The meetup was another great success with more than 50 participants. I have a couple of pictures from the event below.
Unfortunately, we were not able to video tape the event this time around. But if you have any questions just get in touch with us.
The presentations can be downloaded here.
There were a couple of points I missed to mention in my presentation on Spark:
- Spark achieves resilience through recomputing results from the underlying data or in some scenarios also uses checkpointing (e.g. Spark Streaming). You may wonder if we still need a distributed filesystem such as the MapR-FS or S3? The answer is yes. Just imagine you lose the node where the original data is located. You wouldn’t be able to recompute as the data is gone. In summary, it is still best practice to run Spark against a distributed file system.

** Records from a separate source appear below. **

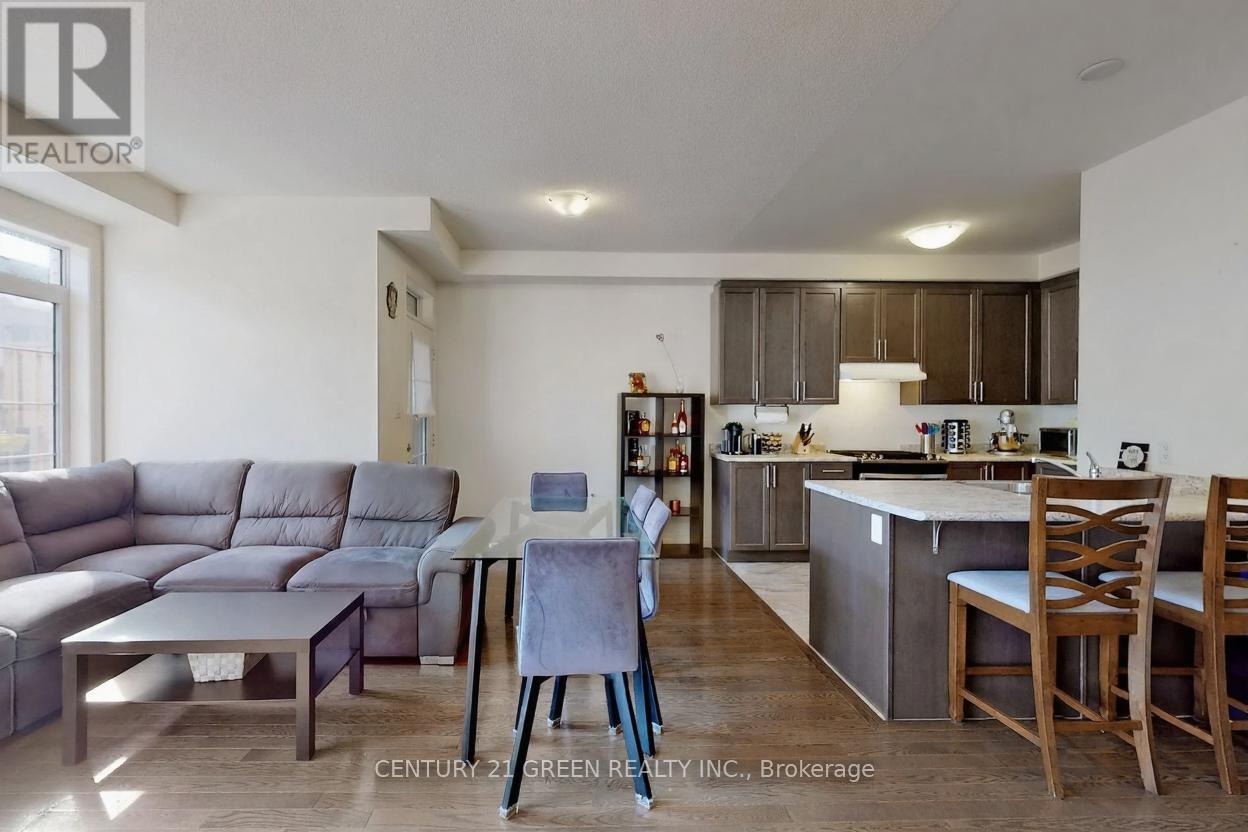 17 Haymarket Drive, Brampton, Ontario  L7A 5C3 - Photo 4 - W12648816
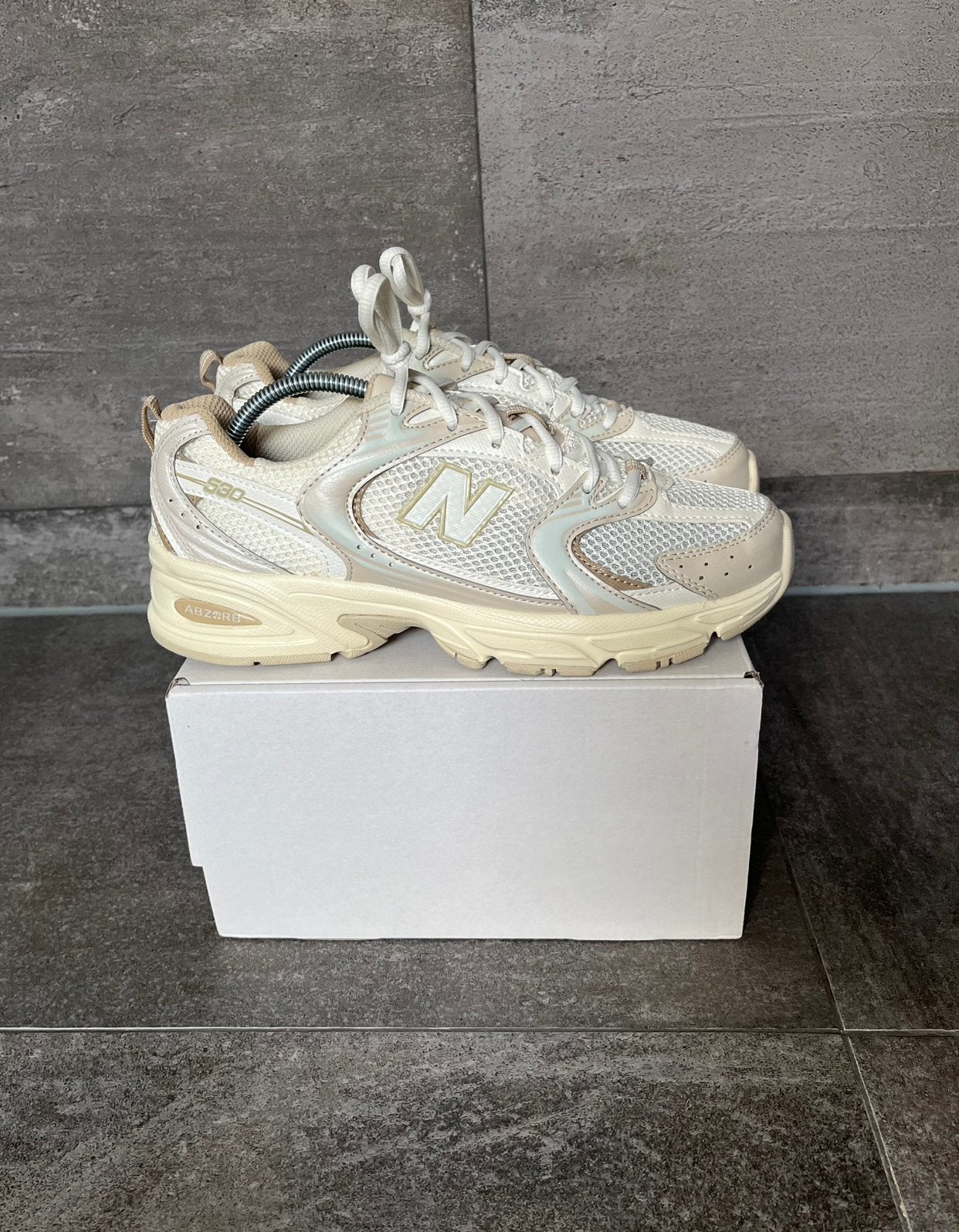 New Balance 530 Beige | Maat 39.5, Ophalen of Verzenden, Zo goed als nieuw, Beige, Sneakers of Gympen
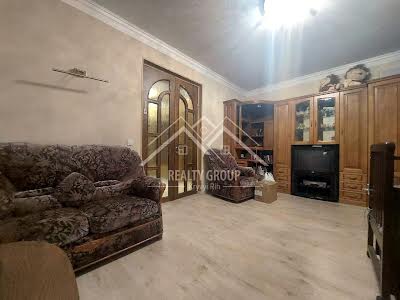 квартира по адресу Степана Тильгы ул., 65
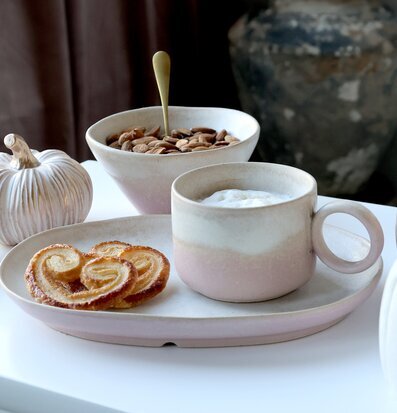 Bild av stilfullt bordsarrangemang med eleganta detaljer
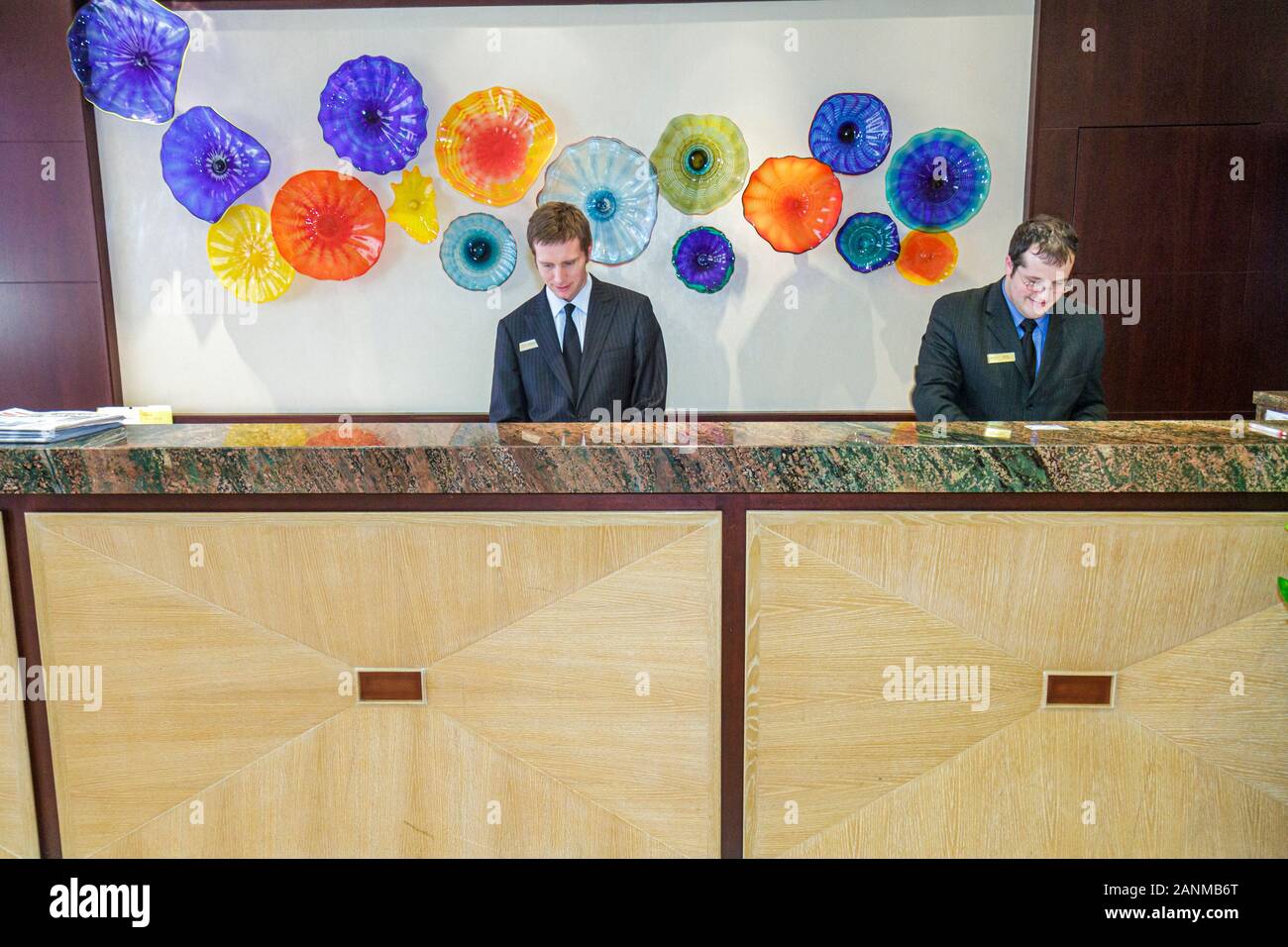 Boca Raton Florida,Palm Beach County,Marriott Boca Raton,hotel,hall,reception check in reception prenotazioni registro,registrazione,m Foto Stock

- If you set an RDD down to HDFS or MapR-FS you should set the replication factor to 1 at the moment you can only override this on a per Spark application level). Resilience for RDDs is achieved recomputation from the lineage graph.
- While RDDs sit in memory, any shuffle/reduce phase will set the data down to disk for serialization before sending it across the network. So this is not pure in memory computing. Tachyon could help here as well.
- At Sonra we completely denormalize data sets (for querying only). Kimball and dimensional modelling is dead in the age of Big Data. Think of columnar compression algorithms.